Work task: Here is the task for the listing below: output exactly the lines from the one containing "Lékaři Baťovy nemocnice" through the one containing "1809 W Crawford Street Tampa FL 33604", and leave out the pictures.

Data provided:
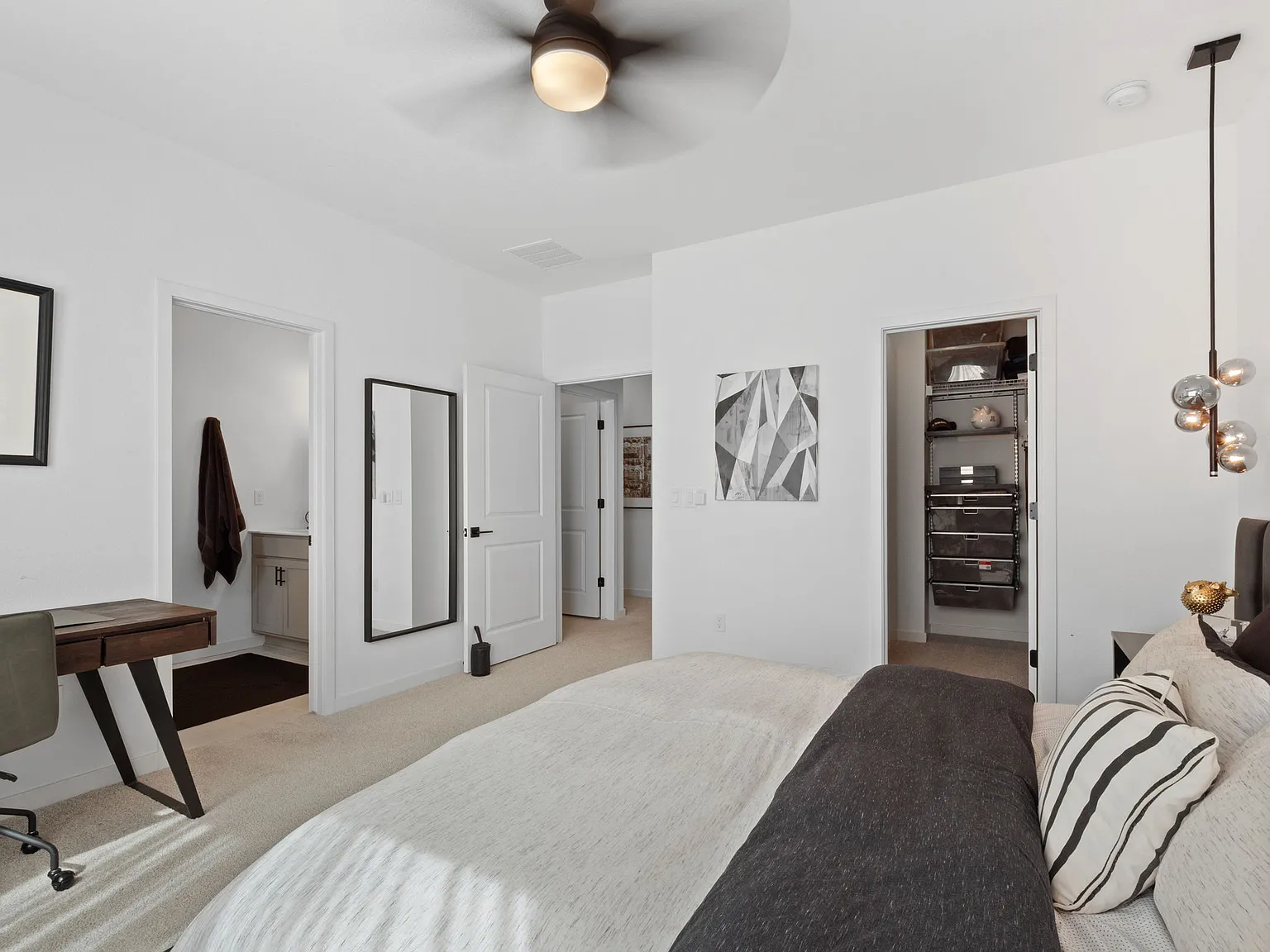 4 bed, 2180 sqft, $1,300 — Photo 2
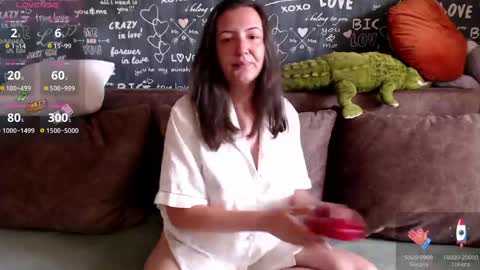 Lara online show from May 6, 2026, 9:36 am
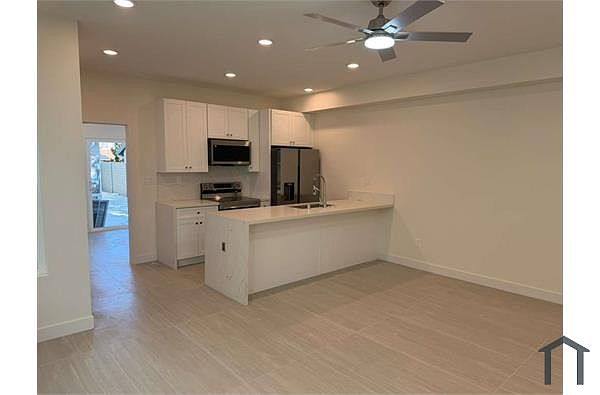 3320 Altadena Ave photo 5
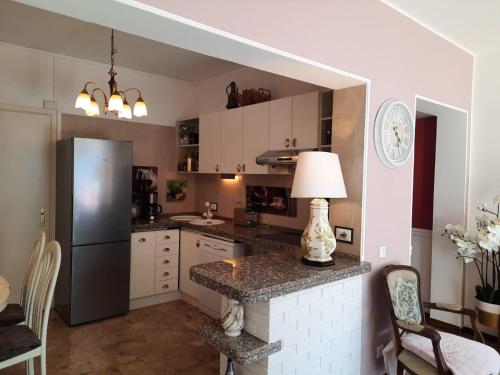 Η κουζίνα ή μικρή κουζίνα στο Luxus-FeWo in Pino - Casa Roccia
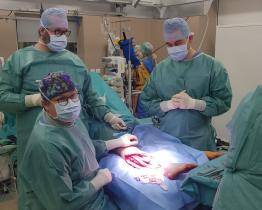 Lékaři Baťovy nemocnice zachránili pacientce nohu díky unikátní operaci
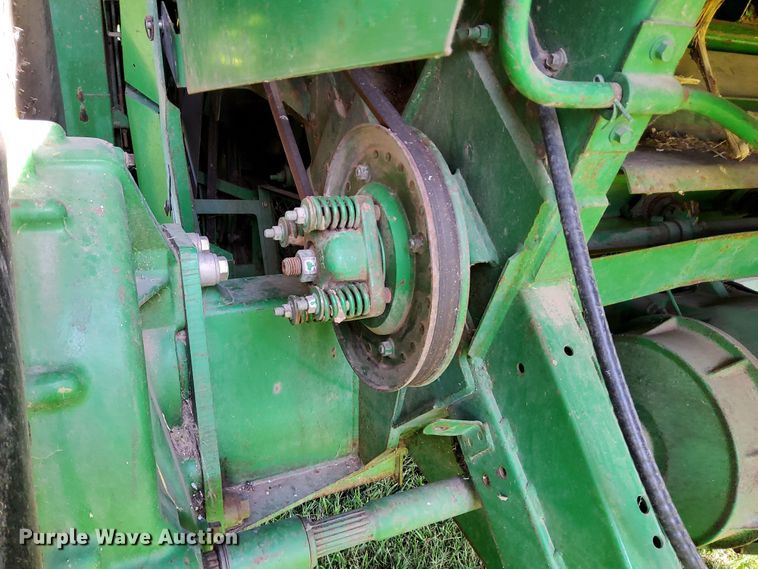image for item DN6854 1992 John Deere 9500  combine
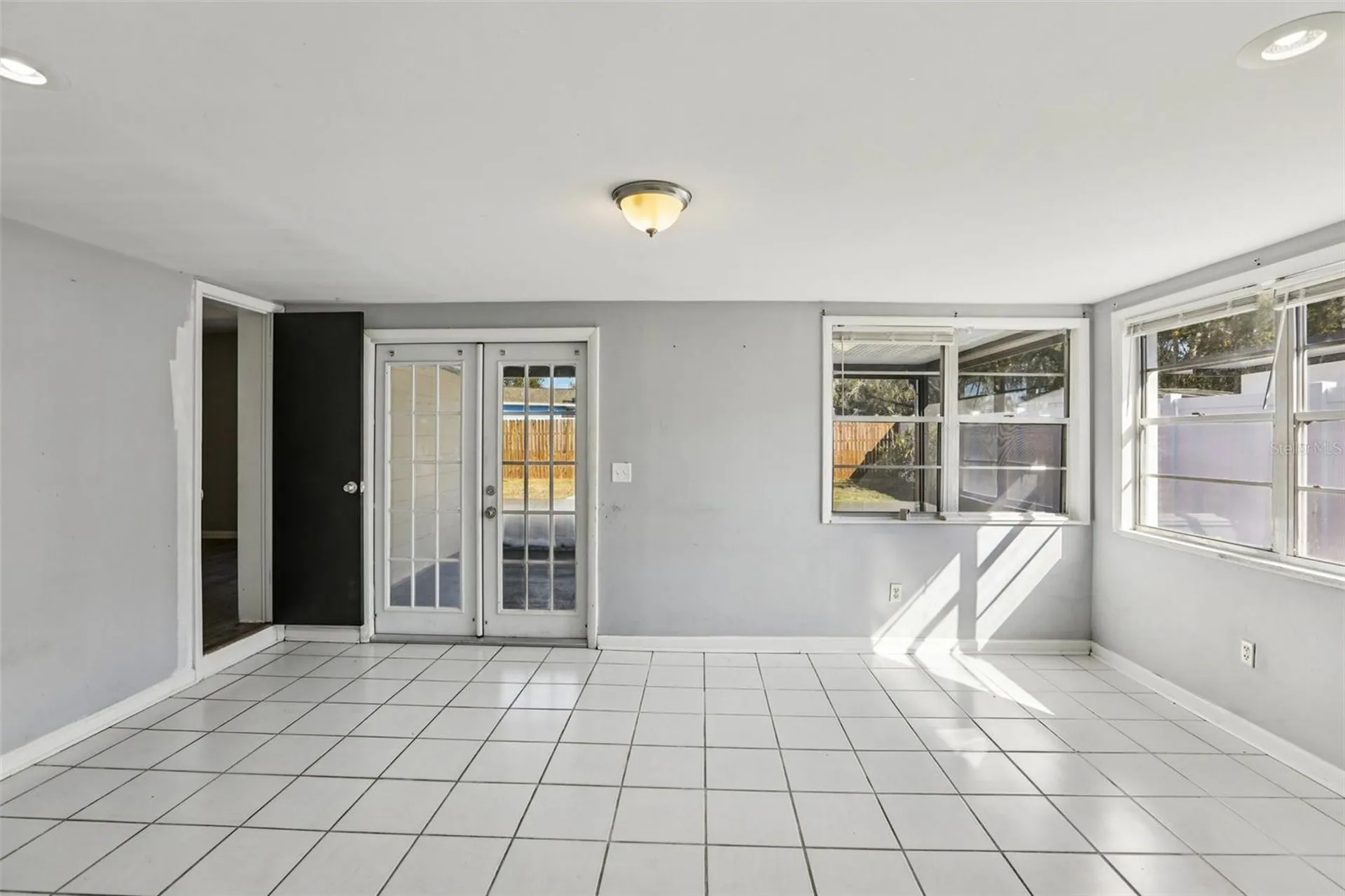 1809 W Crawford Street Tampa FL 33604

---

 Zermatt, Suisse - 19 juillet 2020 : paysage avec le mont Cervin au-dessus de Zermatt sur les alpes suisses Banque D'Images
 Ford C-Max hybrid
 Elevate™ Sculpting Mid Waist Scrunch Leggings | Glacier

--

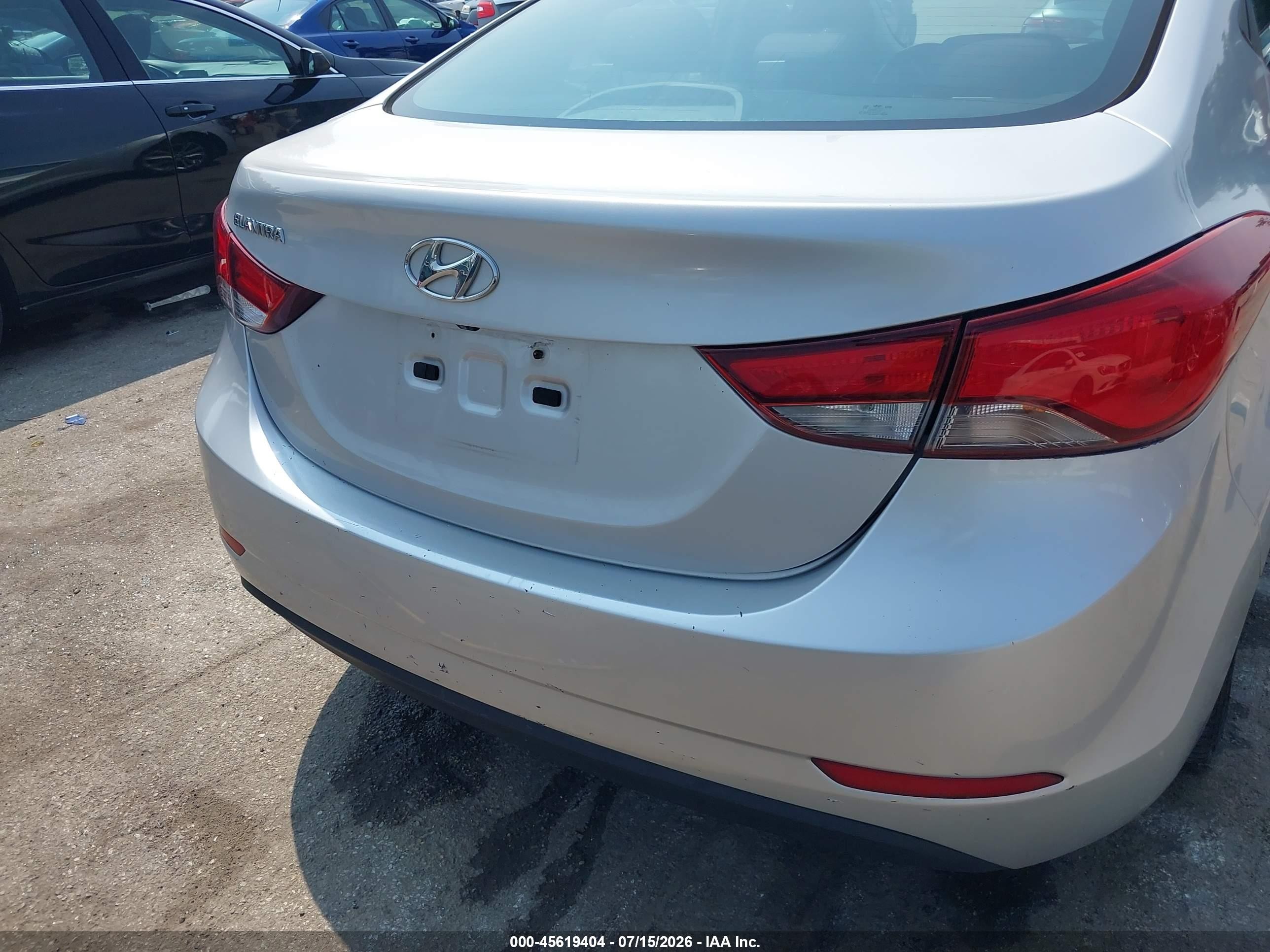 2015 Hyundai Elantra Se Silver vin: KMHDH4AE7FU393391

Exercise output:
 Lékaři Baťovy nemocnice zachránili pacientce nohu díky unikátní operaci
image for item DN6854 1992 John Deere 9500  combine
 1809 W Crawford Street Tampa FL 33604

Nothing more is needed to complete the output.